The regulator has released a raft of statistics drawn from the Retail Mediation Activities Return filled out by advisers.
Commission accounted for 26 per cent of income from retail investment business in 2016, down from 31 per cent in 2015, the data shows.
Commission on retail investment business in total topped £843m, £100m less than in 2015.
Fees and charges now account for 71 per cent of revenue, up from 64 per cent the year before.
Though 88 per cent of advisers earned some revenue from insurance mediation and 45 per cent do some form of mortgage intermediation, financial advisers are only making 11 per cent of their revenue through insurance and 5 per cent from mortgages.
84 per cent of revenue was classified as investment based.
Percentage based charges are still by far the most common in the market – more than twice as popular as both hourly charges and fixed fees for initial charges and more than three times as popular when charging for ongoing services.

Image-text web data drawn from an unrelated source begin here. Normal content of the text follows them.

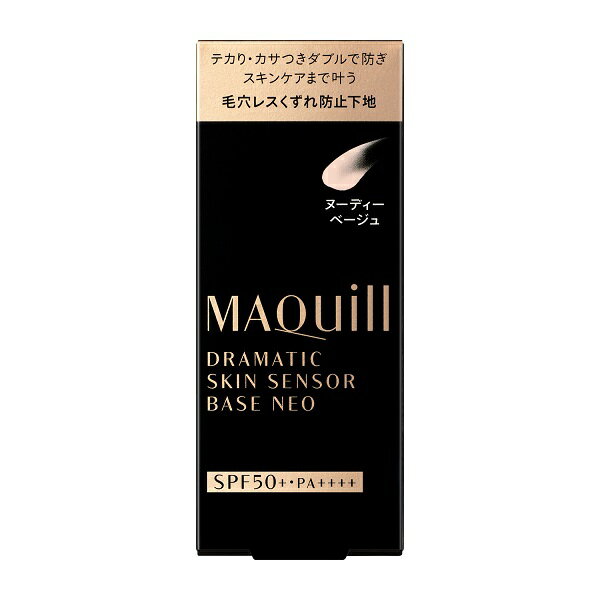 資生堂認定ショップ 資生堂 マキアージュ ドラマティックスキンセンサーベース　NEO　ヌーディーベージュ (MAQuillAGE 化粧下地) 追跡可能メール便対応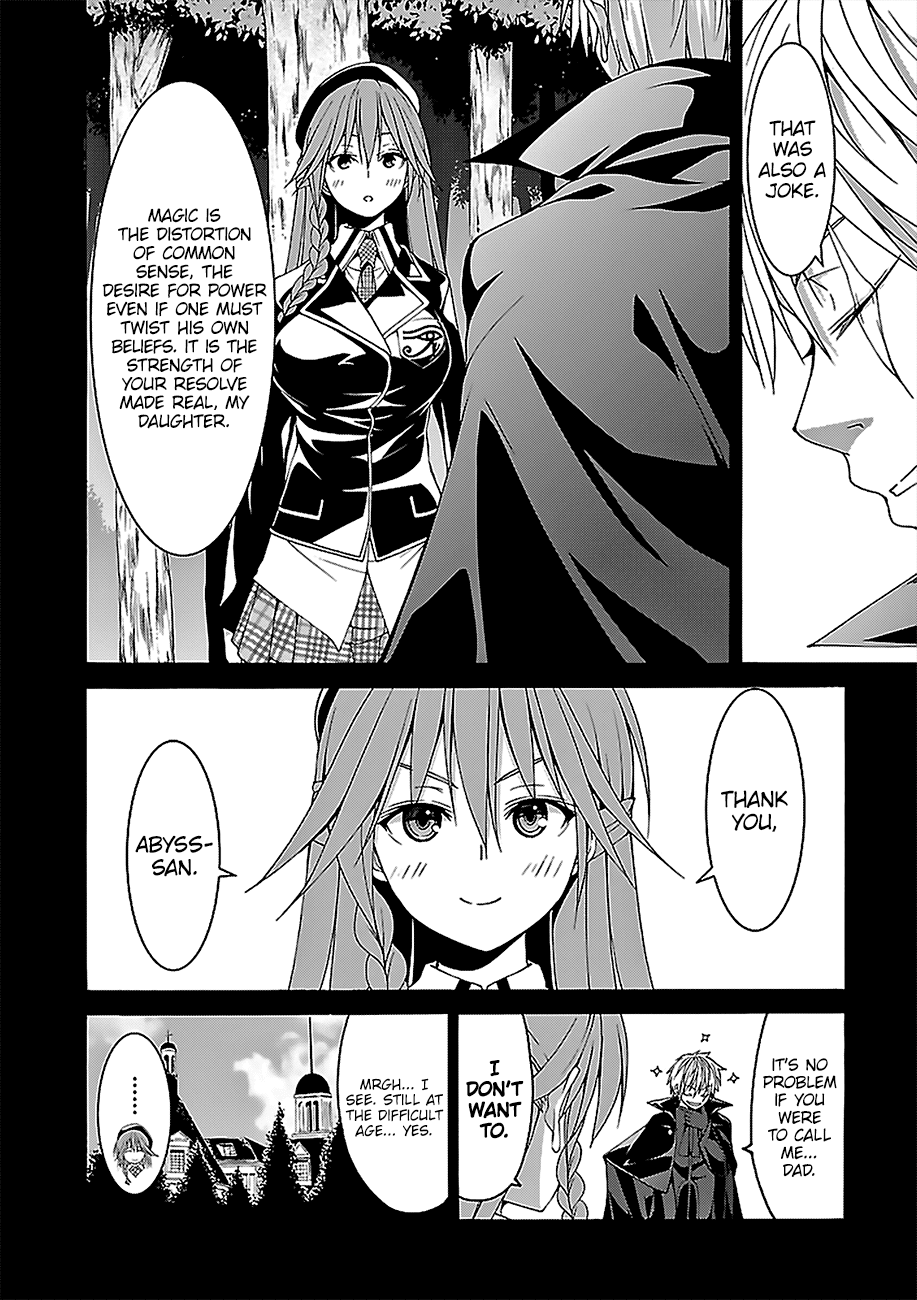 Page 7 of Chapter 69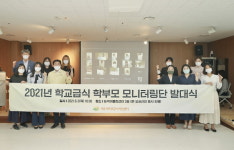 시흥시 학교급식 학부모 모니터링단 발대식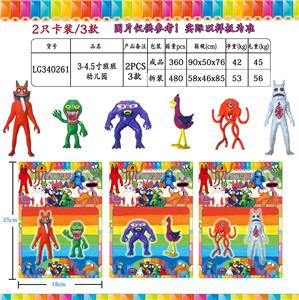 3-4.5寸班班幼儿园2代 2只卡装/3款 - OBL10106809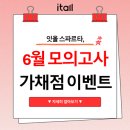 독학재수학원 잇올 스파르타 청주센터 | 6월 모의고사 가채점 이벤트!!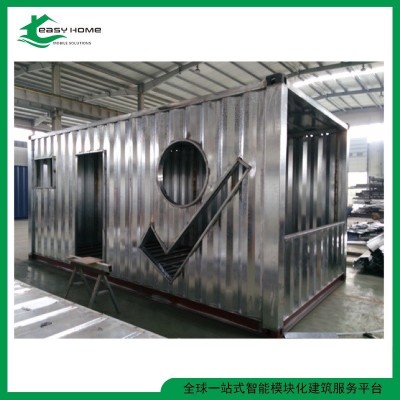 可拆卸式便捷简易改装集装箱别墅全新玻璃阳光房集装箱房图5
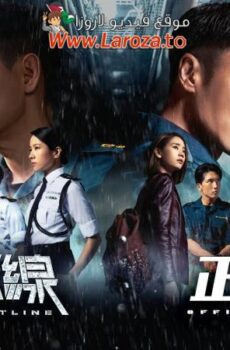 فيلم Customs Frontline 2024 مترجم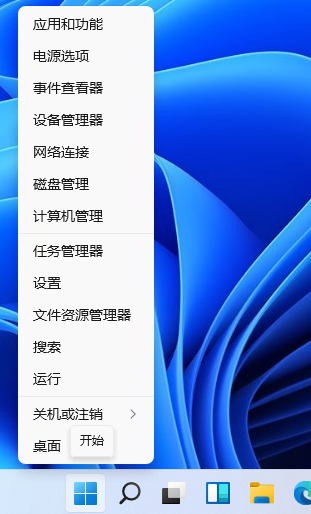 Win11怎么设置快捷键？Win11设置快捷键的方法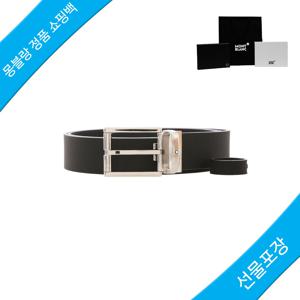 [롯데백화점] [몽블랑] 벨트 126028 리버서블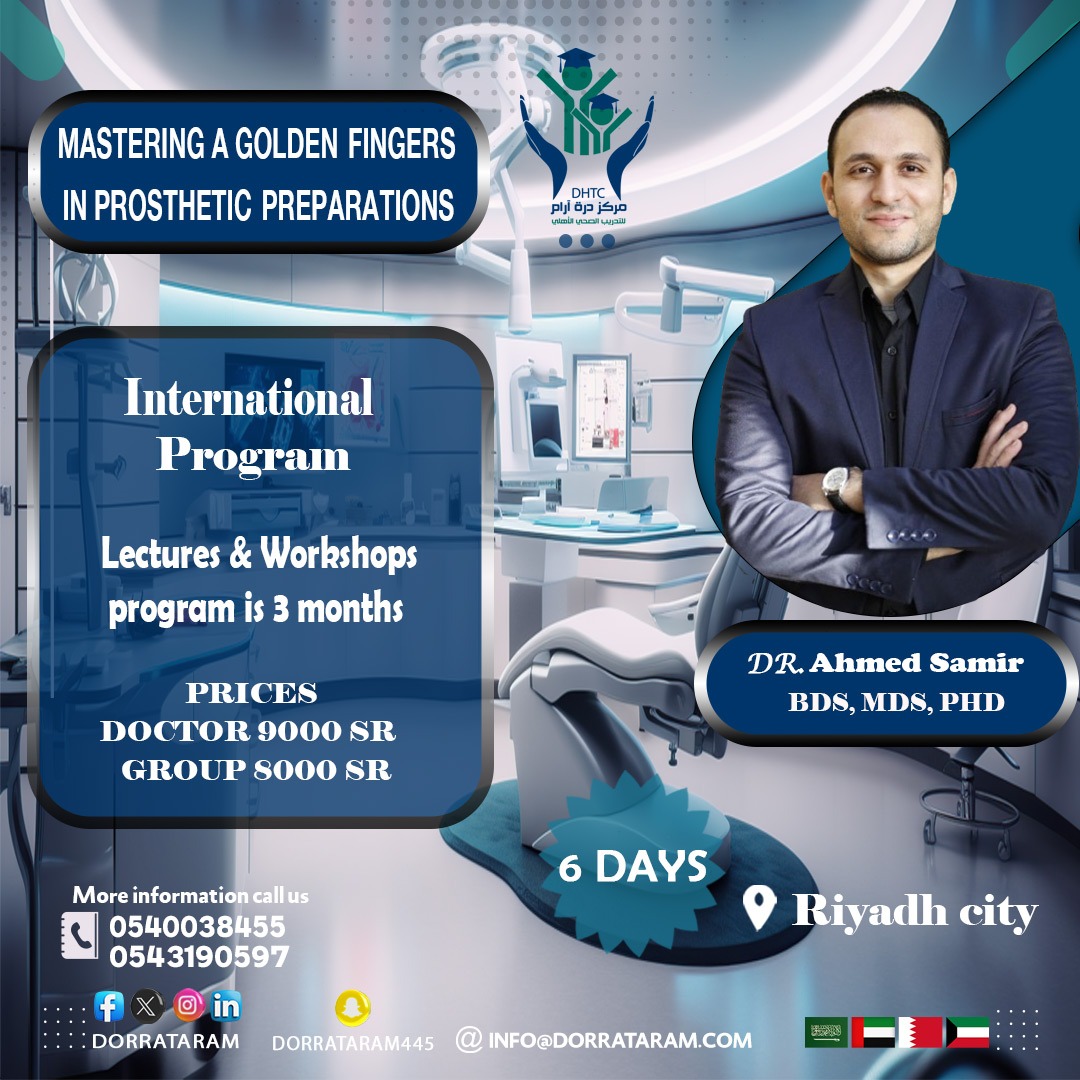 MASTERING A GOLDEN FINGERS IN PROSTHETIC PREPARATIONS
Lecture &amp; Workshop
6 days
RIYADH CITY 
DR. Ahmed Samir
#D_H_T_C
#DENTISTRY
#dentalphoto
#DENTAL
#dentalveneer
#dentistry
#D_H_T_C
#مركز_دره_ارام_للتدريب
للاستفسارات و التسجيل يرجي التواصل علي الوتساب
0540038455
0543190597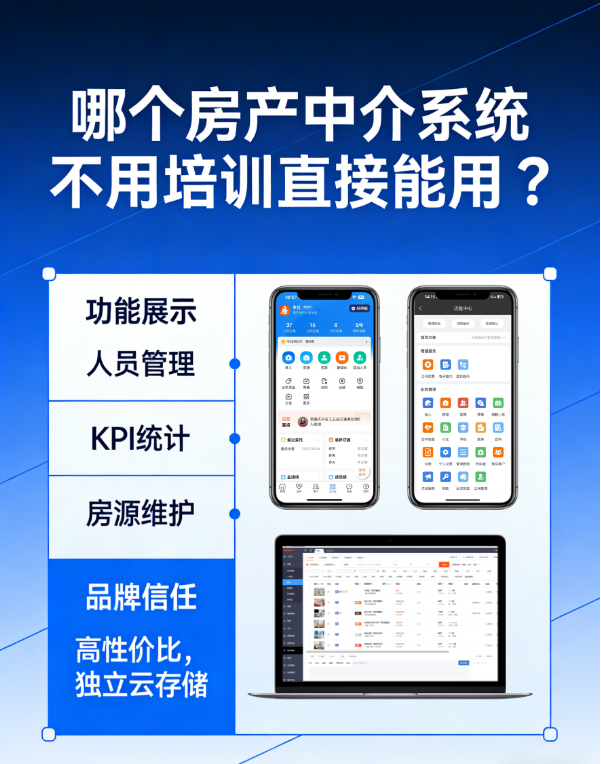 哪个房产中介系统不用培训直接能用 商业资讯 第1张 哪个房产中介系统不用培训直接能用 商业资讯 第1张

Around 80 per cent of adviser payments were facilitated through a provider or platform.
Small firms show strength
91 per cent of firms have five advisers or fewer. Only 38 firms have more than 50 advisers, but the top 1 per cent of firms by adviser numbers account for nearly half of all advisers in the market.
Per adviser, firms with between two and five advisers make the most revenue – £143,937 compared to £140,003 for firms with over 50 advisers and £129,679 for one adviser firms.
Only 15 per cent of firms provide restricted advice and just 2 per cent provide both independent and restricted advice.
The data follows a release from Apfa yesterday which also draw on numbers compiled from FCA data.